When presidents hide truth
Josiah Bartlet is only the latest American president to hide a serious medical condition from the public, and the fact that his administration exists only on the small screen and in the viewers’ imagination makes the issue no less compelling.
The occupant of the fictional Oval Office on television’s “The West Wing” managed to skate to a landslide re-election despite revelations about the multiple sclerosis that already impaired his sight and memory.
Fiction isn’t stranger than truth. It’s just easier to swallow.
Easier to take the dramatic story line of a brilliantly written TV show than to ponder the latest revelations of the medical ordeals of John F. Kennedy before and during his fabled presidency.
In the latest Atlantic Monthly, historian Robert Dallek tells of Kennedy’s many illnesses and the crippling pain that plagued him all his life. Reading it is to marvel at Kennedy’s courage and holler at his lies. “Kennedy, like so many of his predecessors,” Dallek writes, “was more intent on winning the presidency than on revealing himself to the public.”
Had the true story been known – so common wisdom dictates – Kennedy never would have won the chance to leave his invigorating, elegant stamp on the White House. Then again, had the world known of Franklin Delano Roosevelt’s polio or Dwight D. Eisenhower’s heart condition or Abraham Lincoln’s depression, those great men may not have had the opportunity to leave their marks on the nation, either.
The rules of the game have been rewritten in the decades since Kennedy.
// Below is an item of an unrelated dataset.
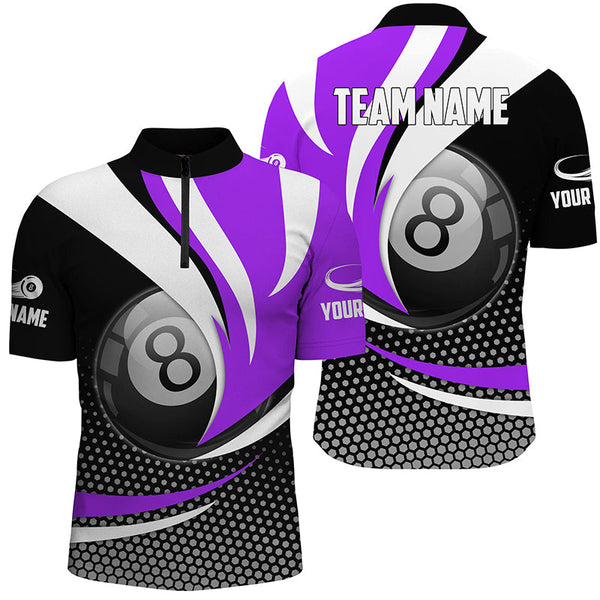 Personalized 8 Ball Billiard Purple Version 3D Shirts For Men Best Custom Gifts For Pooler TDM1542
In those days, his daily cocktail of steroids for Addison’s disease, painkillers for his back, anti-spasmodics for colitis, and antibiotics for urinary-tract infections – as well as his serial hospitalizations – were secrets as closely guarded as the nuclear code.
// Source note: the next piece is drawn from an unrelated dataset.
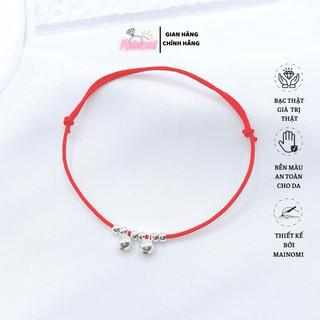 Vòng tay chỉ đỏ mix 2 chuông và bi bạc may mắn nhỏ xinh MAINOMI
For better and for worse, “Don’t ask, don’t tell” doesn’t apply anymore. Withholding personal medical information is a lot riskier today for those in the political arena because it makes the public rightly wonder: What else are they withholding? Isn’t truth-telling a prerequisite of the job?
No one wants to feel hoodwinked, and as David Frum wrote in last week’s National Review, the Kennedy entourage’s denial of their leader’s illness and drug regimen was “probably the most successful and enduring act of political manipulation of this century.”
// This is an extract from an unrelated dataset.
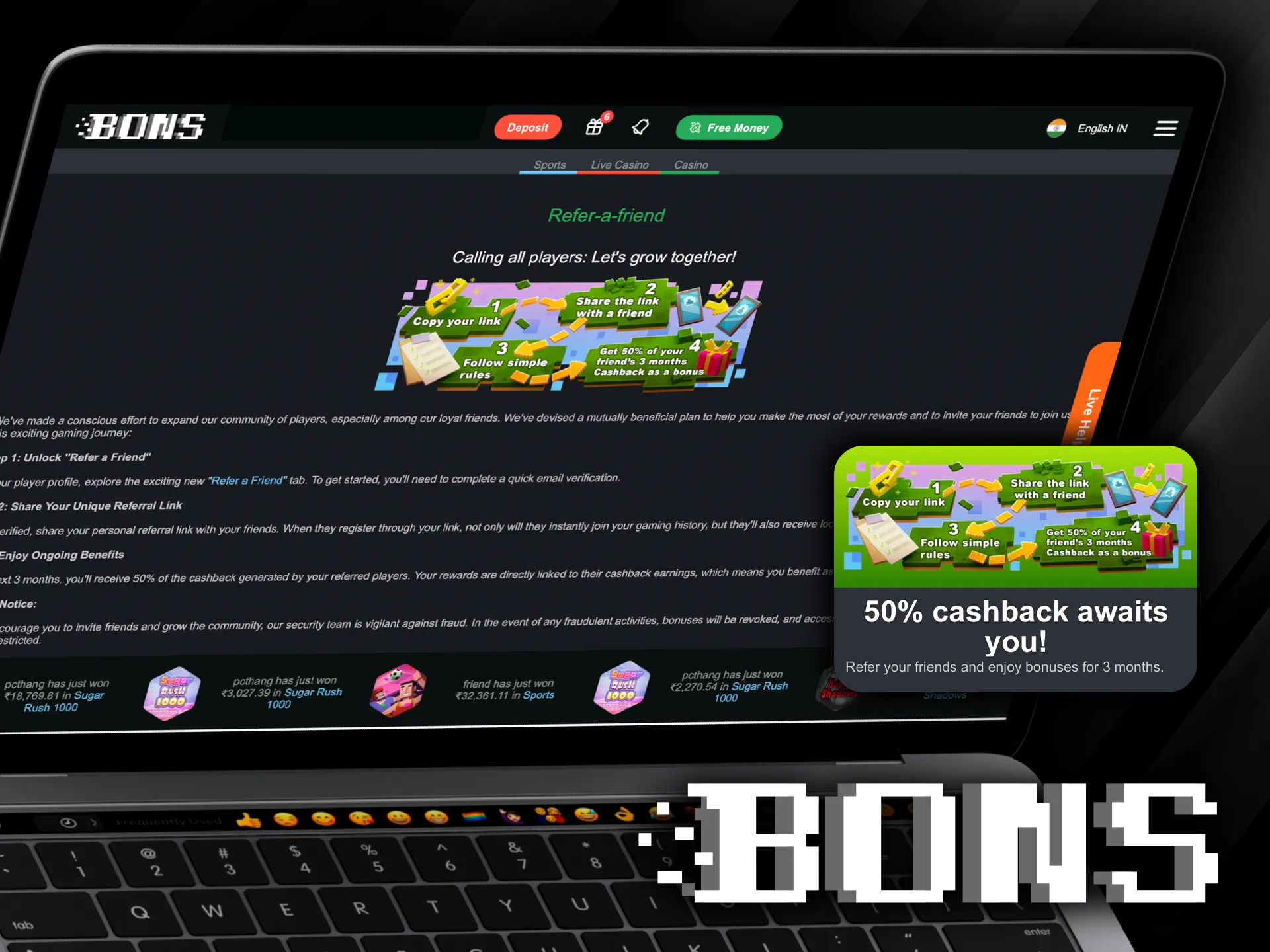 Earn a cashback bonus of 50% at Bons casino.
But our new age of transparency comes with its own costs. Not only are politicians obliged to reveal more, but also the public has to ask itself: What will we do with the information?
Today, 39 years after his assassination, we can learn about Kennedy’s physical torments and conclude that they did not diminish the effectiveness of his presidency. (At least Dallek believes they didn’t.) Making those judgment calls right in the thick of things is far trickier.
It requires the electorate to be knowledgeable and discerning about diseases most of us can’t spell, never mind understand.
A candidate’s personal behavior in or outside of office is generally judged against a citizen’s individual standards of morality. You decide whether the DUI offense or the long-ago affair is a disqualifer.
Fitness for office on medical grounds is more complicated because it depends in part on individual capacity and will, and the mysterious, often unpredictable workings of the human body and mind.
Reading the details of Kennedy’s operations, hospitalizations, medications and brushes with death left me amazed that someone could run for national office and then run a nation while suffering as he did. His “extraordinary sense of will cannot be underestimated,” writes Dallek. A less ambitious, less determined person wouldn’t have been up to the task.
At the time, concealing Kennedy’s illnesses, like hush-hushing his womanizing, was considered an act of loyalty. Now the book contract possibilities alone make staying mum none too attractive, and cover-up is a hard charge to overcome.
The fictional electorate on “West Wing” saw past Jed Bartlet’s disease, just as these latest revelations aren’t likely to puncture the enduring Kennedy myth. The American public has matured enough to know that more medical knowledge is better than less, but I’m not sure that we know – in real time – quite what to do with it.